LLVM IR types come in two flavours: primitive and derived.

Primitive

  • Integer: i1, i8, i16, i32, i64, i128, ... up to any width. There is no separate booli1 plays that role.
  • Floating point: half (16-bit), float (32-bit), double (64-bit), fp80/fp128 (extended).
  • Void: void (only valid as a function return type).
  • Label: label (block reference; rarely written explicitly).
  • Metadata: metadata (debug info etc.).

Derived

  • Pointer: T* (legacy) or ptr (modern LLVM ≥ 15, "opaque pointers"). We use T* here because it's clearer for teaching; modern LLVM auto-converts.
  • Array: [N x T]. Fixed-size, allocated as a value.
  • Vector: <N x T>. SIMD lane group.
  • Struct: { T1, T2, ... } (literal) or %S (named).
  • Function: R (A1, A2, ...).

We use only i64, i1, i8*, and one array ([6 x i8] for the format string).

Value categories

Every operand in LLVM IR is one of:

  • A constant42, true, 0.5, or a getelementptr of a global.
  • A register%name or %number, the result of a previous instruction in the same function. Function parameters are also registers (%arg0 …).
  • A global@name, a top-level symbol. Includes function references, mutable globals, and constant data like our @.fmt.

The leading sigil is meaningful: % is local to a function, @ is module-global. There is no other namespace.

How we lower MiniLang values

We picked the simplest possible mapping: everything is i64.

MiniLangLLVMNotes
Numberi64We discard the fractional part on purpose.
Booli640 or 1. We zext i1 ... to i64 after icmp.
Nili64 0Same as false.
StringNot supported; emitter errors out.

This is a pedagogical choice: it makes the IR easy to read and type-uniform, at the cost of disallowing mixed-type expressions. cp-14 introduces a real boxed Value representation that supports the full type set.

Constants

A constant in LLVM IR has both a type and a value:

i64 42                                  ; integer
[6 x i8] c"%lld\0A\00"                  ; byte array
@.fmt                                   ; symbol  (type is i8*)
getelementptr ([6 x i8], [6 x i8]* @.fmt, i64 0, i64 0)
                                        ; "address of first byte of @.fmt"

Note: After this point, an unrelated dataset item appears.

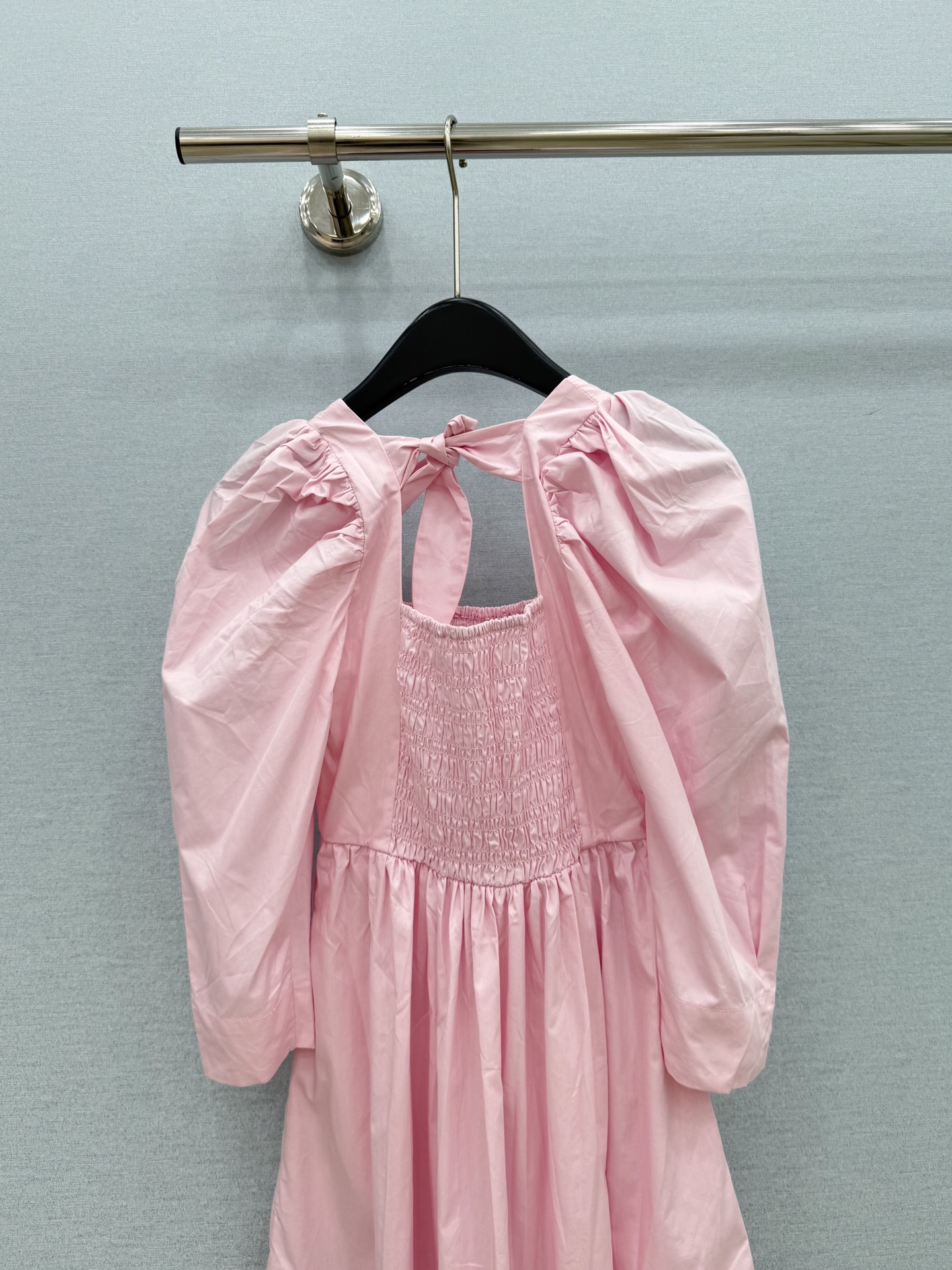🛒𝐍𝐄𝐖 · 𝟐𝟎𝟐6/爆款现货原单品质  小众*｜2026新品打揽泡泡袖连衣裙高端设计 高级肌理细腻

The getelementptr (GEP) form is how you compute addresses without emitting an actual instruction — it's a constant expression. We use it to convert our array-of-bytes format string into a pointer to its first byte, which is what printf expects.

GEP is one of the most-misunderstood parts of LLVM IR. The two-index form [6 x i8]* @.fmt, i64 0, i64 0 reads as: "starting from @.fmt (which points to a [6 x i8]), advance by zero arrays, then advance to byte index zero". The result is an i8*. Why two indices? Because @.fmt is a pointer; the first index dereferences the pointer, the second indexes into the array it points at. This catches everyone the first time.

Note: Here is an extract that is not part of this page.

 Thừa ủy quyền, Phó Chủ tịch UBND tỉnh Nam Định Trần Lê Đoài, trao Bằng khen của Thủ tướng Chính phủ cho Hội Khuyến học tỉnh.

Why types matter even in a dynamic language

Even when you're compiling a dynamic language, the LLVM-level types must be statically known. That's why cp-10 restricts to numeric only: we can't emit add i64 %a, %b if %a might be a string at runtime.

The two ways out are:

  1. Uniform representation — pick one LLVM type (typically i64 or a tagged 64-bit) and stuff every dynamic value into it.
  2. Specialisation — generate different IR for different type profiles, possibly at JIT time. This is what V8 and LuaJIT do.

cp-14 takes path (1). cp-17's capstone explores path (2).